The New York Times: Willful Gullibility in Furtherance of Ideology   posted by TangoMan @ 7/14/2007 02:07:00 PM

You would think that the New York Times reporters on the education beat could write an article without blatantly proclaiming their gullibility or willingness to engage in obfuscation but I see no evidence of any desire to avoid such sins, especially in this article on how school districts are pursuing diversity agendas by parsing students according to socioeconomic status. The Times reports:
The most ambitious effort and the example most often cited as a success is in the city of Raleigh, N.C., and its suburbs.

For seven years the district has sought to cap the proportion of low-income students in each of the county's 143 schools at 40 percent.

To achieve a balance of low- and middle-income children, the district encourages and sometimes requires students to attend schools far from home. Suburban students are attracted to magnet schools in the city; children from the inner city are sometimes bused to middle-class schools at the outer edges of Raleigh and in the suburbs.

The achievement gains have been sharp, and school officials said economic integration was largely responsible. Only 40 percent of black students in grades three through eight in Wake County, where Raleigh is located, scored at grade level on state reading tests in 1995. By the spring of 2006, 82 percent did.
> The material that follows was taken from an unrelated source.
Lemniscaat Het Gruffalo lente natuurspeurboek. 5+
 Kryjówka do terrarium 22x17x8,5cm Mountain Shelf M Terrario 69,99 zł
What's changed in the education landscape betweeen 1995 and 2006? We've seen the introduction of the NCLB which has created a massive incentive for States to game their achievement tests in order to meet Federal compliance thresholds. Is there any evidence that North Carolina has gamed their achievement tests in order to boost the proportion of students who met proficiency standards? You bet there is. Unlike the achievement tests that states devise the National Assessment of Educational Progress (NAEP) is a uniform measure not subject to "dumbing down." According to this national survey, North Carolina is ranked ninth in 4th grade reading score variance, and third in terms of 8th grade math score variance, between NAEP scores and state developed assessment tests.

If we go directly to the NAEP Reading statistics we see the results for the 4th graders in 1994 was 214 (212 national ave.) and that the 2005 scores were 217 (217 national ave.). The 8th graders 1998 scores were 262 (261 national ave.) and the 2005 score was 258 (260 national ave.) Here we see only miniscule gains across the years and a slippage against national trends. While it's certainly possible that the Raleigh schools are bucking the statewide trend the reporters don't verify that this is indeed the case and simply rely on meaningless statistics offered up in support of the educational fad du jour, that socioeconomic integration will produce the diversity that will finally close the achievement gap.

Instead of touting the success of the Raleigh schools in meeting proficiency standards because of economic integration shouldn't the reporters have verified that they weren't reporting phantom gains attributable to a gaming of the testing regime?